NATAN ZABARE (December 27, 1908-February 19, 1975)
            He was born in Rogatshev (Rahachow), Volhynia, Ukraine.  He studied in religious elementary school.  During the years of the revolution, he moved to Kiev.  In the 1920s he was a government-supported student at the Institute for Jewish Culture in the Ukrainian Academy of Sciences in Kiev.  He began publishing in the late 1920s novellas in Soviet Jewish publications in Kiev, Kharkov, and Minsk.  His books include: Radyo-roman (Radio novel) (Kharkov-Kiev, 1932), 220 pp.; Khevre (The gang), children’s stories (Minsk, 1933), 21 pp.; Nilovke (Nilovke), a novel (Moscow, 1935), 109 pp.; Fun land tsu land (From country to country) (Kiev, 1938), 300 pp.; Mentshn un tsaytn, fartsaykhenungen (Men and times, notes) (Kiev: Ukrainian state publishers for national minorities, 1938), 22 pp.; Der foter, roman (The father, a novel) (Kiev: Ukrainian state publishers for national minorities, 1940), 518 pp.; Galgal hakhoyzer, roman (The revolving wheel, a novel) (Moscow: Sovetski pisatel, 1979), 469 pp.  He published a series of novels in Sovetish heymland (Soviet homeland): A poshete mame (A simple mother), 1967: 9, 10, 11; S’iz nokh groys der tog (The day is longer still), 1972: 9, 10; Unter der heyser zun fun provans (Under the hot sun of Provence), 1973: 9, 10; Inmitn heln batog (In the middle of a bright day), 1975: 1, 2, 3; 1977: 7.

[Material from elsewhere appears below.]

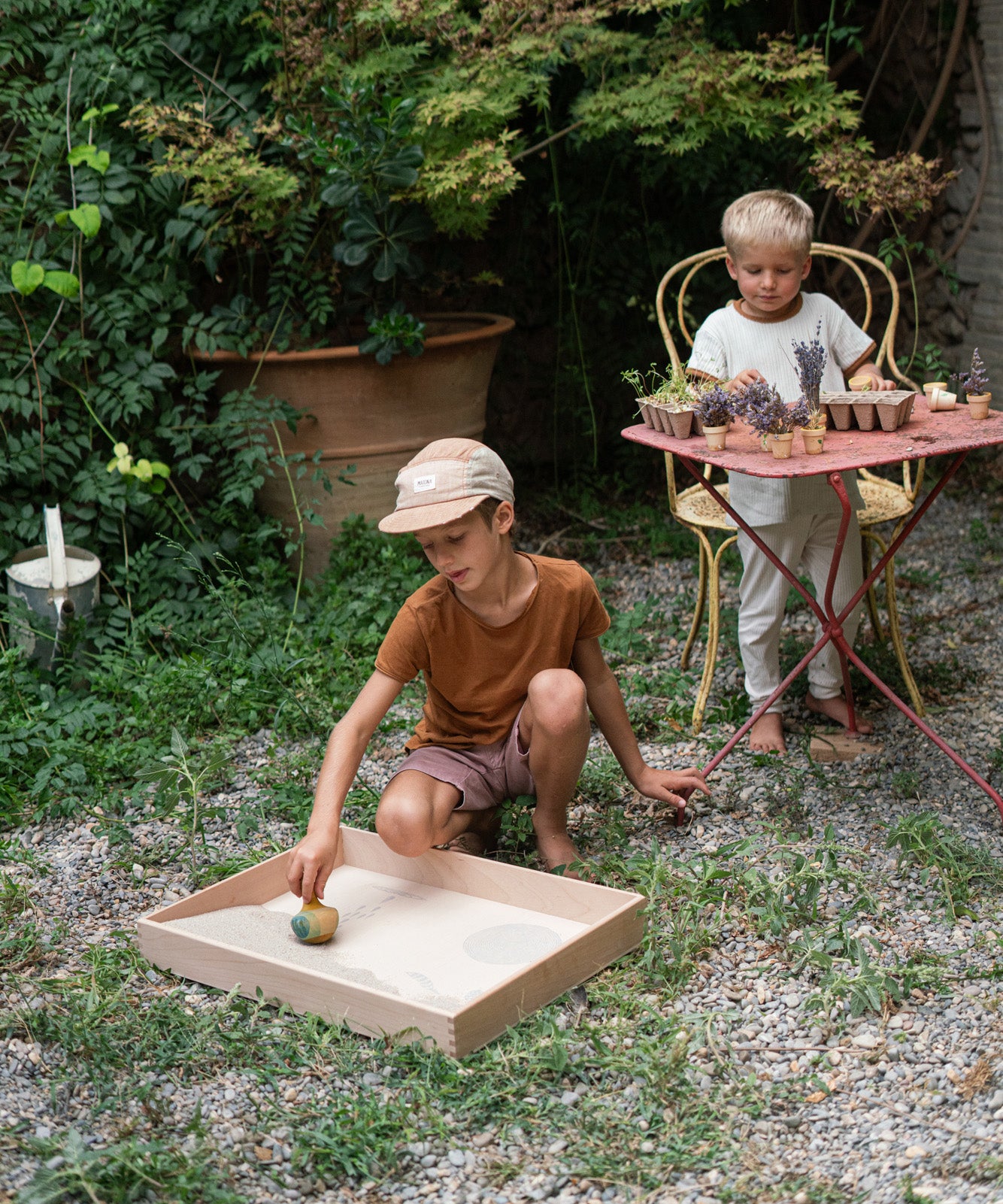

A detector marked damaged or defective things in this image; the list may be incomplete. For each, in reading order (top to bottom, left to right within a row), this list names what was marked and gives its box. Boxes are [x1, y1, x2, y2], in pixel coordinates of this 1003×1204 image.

rusty red bistro table [620, 400, 1003, 824]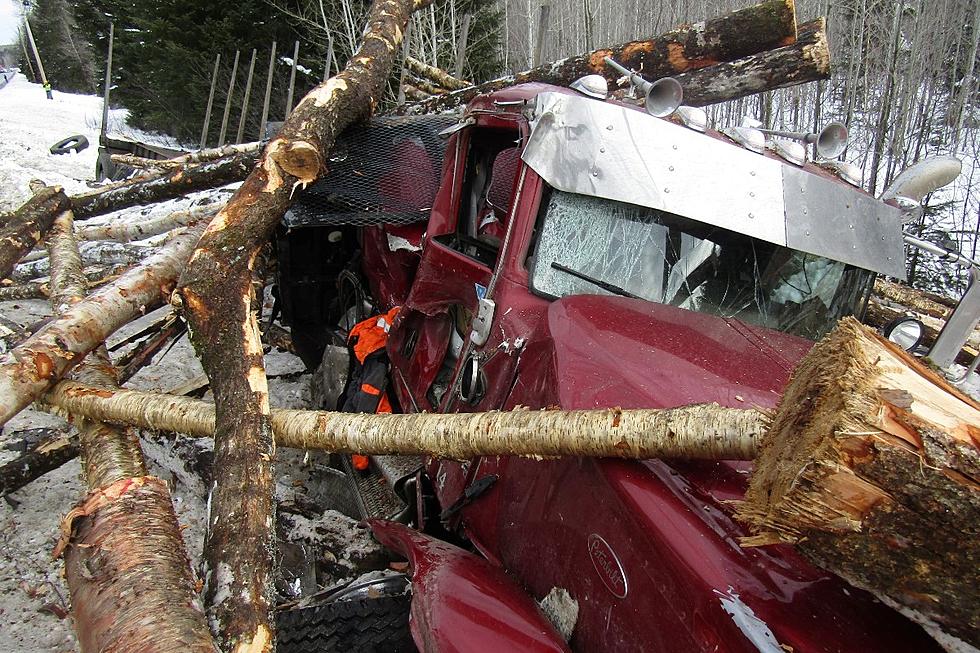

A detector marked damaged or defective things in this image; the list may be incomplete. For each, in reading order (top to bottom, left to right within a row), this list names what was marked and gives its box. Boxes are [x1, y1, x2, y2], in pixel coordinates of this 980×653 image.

            With the outbreak of the Nazi-Soviet war, he was mobilized and took part in battles.  After WWII he was with the Red Army in Germany and in contact with Jewish people in the British and American zones, rekindling his interest in things Jewish.  At a meeting of the Jewish writers section of the Soviet Ukrainian writers’ union in Kiev, Zabare spoke about a publication that confronted Soviet Yiddish literature: “To explain to the people about the wonderful, historical feat accomplished by the Soviet Army which liberated Europe from the fascist yoke.”  He added that this was “really the theme of my new book that I’m about to finish.”  He survived the years 1948-1952 during the extermination of Yiddish writers under Stalin, though he was arrested in 1950 and held in the gulag until 1956.  He returned to activity in Kiev after being released.  He died in Kiev with pen in hand.

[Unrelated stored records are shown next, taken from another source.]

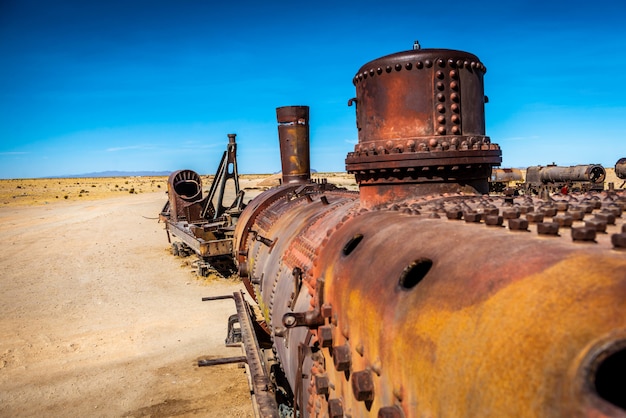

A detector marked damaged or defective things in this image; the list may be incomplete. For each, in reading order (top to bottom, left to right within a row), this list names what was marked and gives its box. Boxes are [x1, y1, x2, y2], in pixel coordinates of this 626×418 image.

rusty metal debris [158, 134, 244, 278]
rusted metal cylinder [276, 105, 310, 184]
rusty metal debris [193, 44, 620, 416]
rusty steam locomotive [189, 46, 624, 418]
rusted metal cylinder [344, 49, 500, 206]
rusted steam dome [346, 47, 502, 206]
peeling orange rust [229, 44, 624, 416]
rusted metal cylinder [524, 164, 608, 184]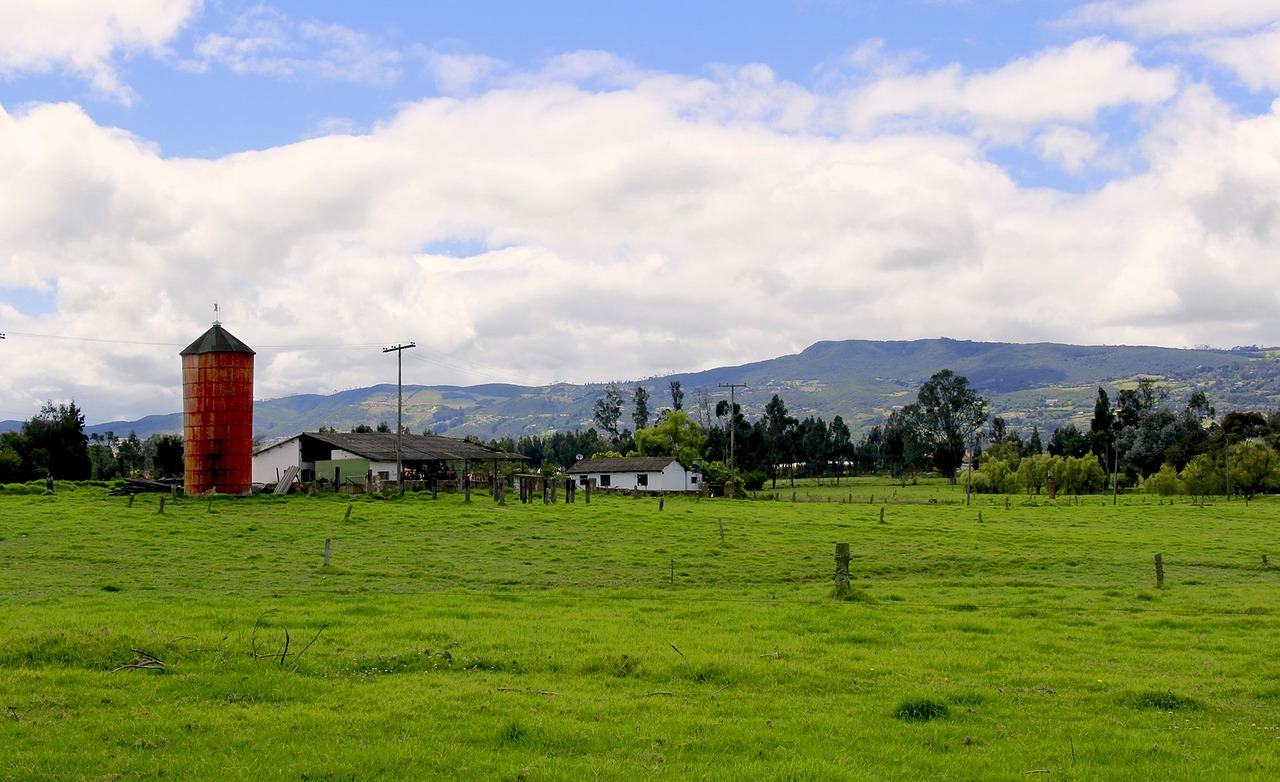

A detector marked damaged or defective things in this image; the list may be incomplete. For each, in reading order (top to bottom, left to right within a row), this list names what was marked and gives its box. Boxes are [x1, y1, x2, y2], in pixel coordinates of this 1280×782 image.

rusty metal siding [183, 353, 254, 496]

Sources: Kh. Lutsker, in Shtern (Kharkov) 280 (1935); M. May, in Sovetishe literatur (Kiev) (June 1939), p. 107; L. Brovarnik, in Sovetishe literatur (June 1939), p. 131; M. Dublyet, in Shtern (Minsk) (July 1939); A. Kushnirov, in Naye prese (Paris) (July 27, 1945); A. Emkin, in Eynikeyt (Moscow) (June 26, 1947); N. Mayzil, Dos yidishe shafn un der yidisher shrayber in sovetnfarband (Jewish creation and the Yiddish writer in the Soviet Union) (New York, 1959), see index.
Borekh Tshubinsk

[Additional information from: Berl Kagan, comp., Leksikon fun yidish-shraybers (Biographical dictionary of Yiddish writers) (New York, 1986), col. 253; and Chaim Beider, Leksikon fun yidishe shrayber in ratn-farband (Biographical dictionary of Yiddish writers in the Soviet Union), ed. Boris Sandler and Gennady Estraikh (New York: Congress for Jewish Culture, Inc., 2011), pp. 148-49.]